Yesterday, Mrs. GeoK and Youngest GeoKid joined a few others from our tour group for what turned out to be eleven hours of photo safari fun in the Serengeti. They spotted a vast array of wildlife: leopards, cheetahs, lions, elephants, giraffes, hippos, hyenas, jackals, baboons, Vervet monkeys, zebras, Cape buffalo, wildebeests, dik-diks, several types of gazelles, eland, hartebeest, impala, topi, warthogs and a variety of birds. At the end of the day, they went to a much less-travelled area in search of rhinocerous, but did not lay eyes on any of the three spotted earlier in the day by another guide.
Three scenes really stood out: sitting in the middle of thousands of migrating zebras; watching 5 lions stalk and unsuccessfully attempt to hunt a small herd of zebra (the lions used the safari jeeps for cover as they worked their way close to the zebras); and spotting a leopard treed by a pride of 7+ lions.
Late in the afternoon, it crossed Mrs. GeoKs’ mind that although Mr. GeoK and Oldest GeoKid had the Garmin Oregon 550t with them, their photo safari at the Ngorongoro Crater might not have taken them anywhere near a geocache. So she started mentally reviewing the Tanzania geocaches she had loaded into GSAK; memory was the only resource she had, since the laptop was at the Crater. She vaguely remembered an earthcache to do with kopjes, but without a GPSr in hand, there wasn’t much she could do other than resolve to bring out her Garmin Map 60 CSx on the way to the airstrip in the morning.
And, as good fortune would have it, during the two-hour game drive back to the airstrip this morning, she spotted a large kopje well behind a bloat of hippos and she was able to mark the coordinates necessary to log GC24XFP – Serengeti Kopjes. Once the GeoKs reunited this afternoon, it turned out Mrs. GeoKs’ mild case of panic was completely unnecessary: Mr.
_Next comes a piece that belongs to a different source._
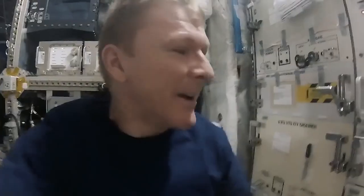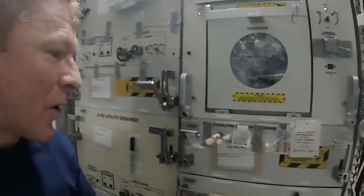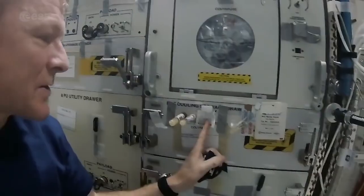Lots of the human physiology experiments that we do on board the space station need the astronaut's blood in order to collect the data. So this morning is one of the mornings I have to do self-phlebotomy and draw some blood — thankfully not too much this morning. The key to doing phlebotomy in space, I think, is good preparation, so I think I'm ready to go. I've got my sterile gauze there so I can clean my arm.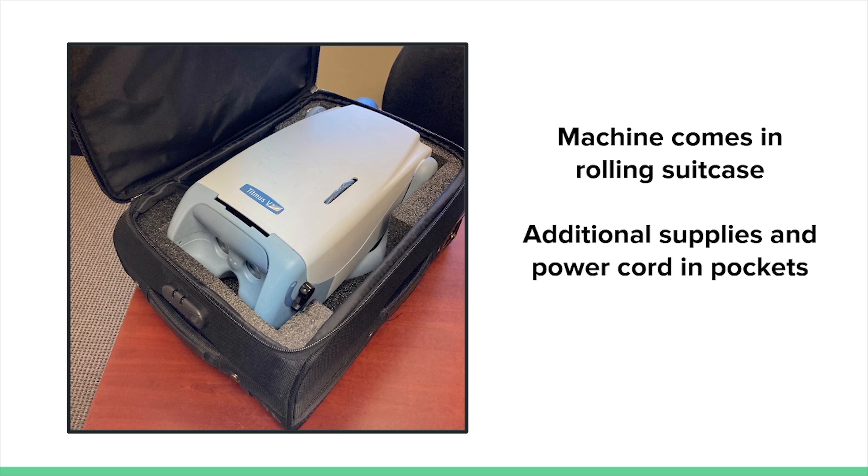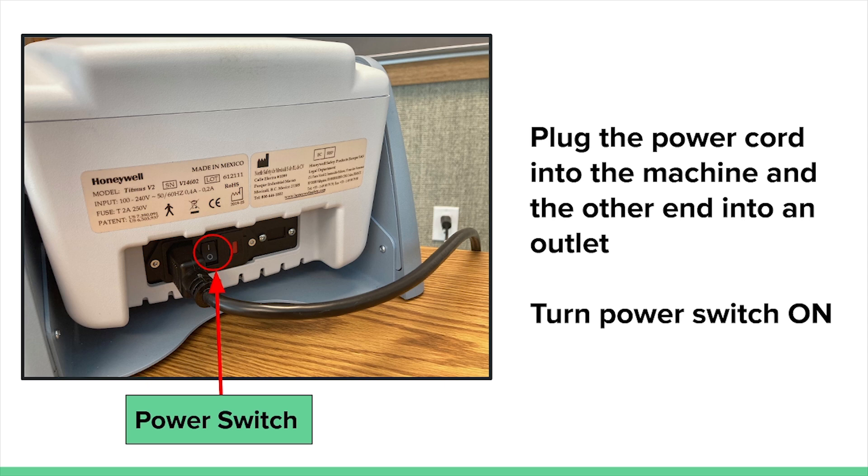Each machine comes in a padded rolling suitcase. Inside the pockets of the suitcase, you'll find the power cord and additional supplies to use during the screening process. To set up, place the machine on a table and plug the power cord into the base of the machine. Plug the other end into an outlet. Turn on the machine by pressing the power switch located near the cord at the base. Position the base so that the control buttons along the leg of the machine will be within arm's reach of the person conducting the screening.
GeoK and Oldest GeoKid found a traditional cache during their drive to the crater rim and also gathered the necessary information to log another earthcache, bringing our total cache count for Tanzania to 3!!
Comparing notes, the Ngorongoro Crater was the better choice for getting closer to the animals, for spotting rhinos and for the opportunity for limited interaction with the indigenous Masai people. But Serengeti National Park seemed to contain a broader range of birds and animals. Plus, the food was much better at the Serengeti Sopa Lodge. Out of all the places we’ve been so far, Tanzania tops Youngest GeoKid and Mrs. GeoKs’ list of places they’d like to visit again.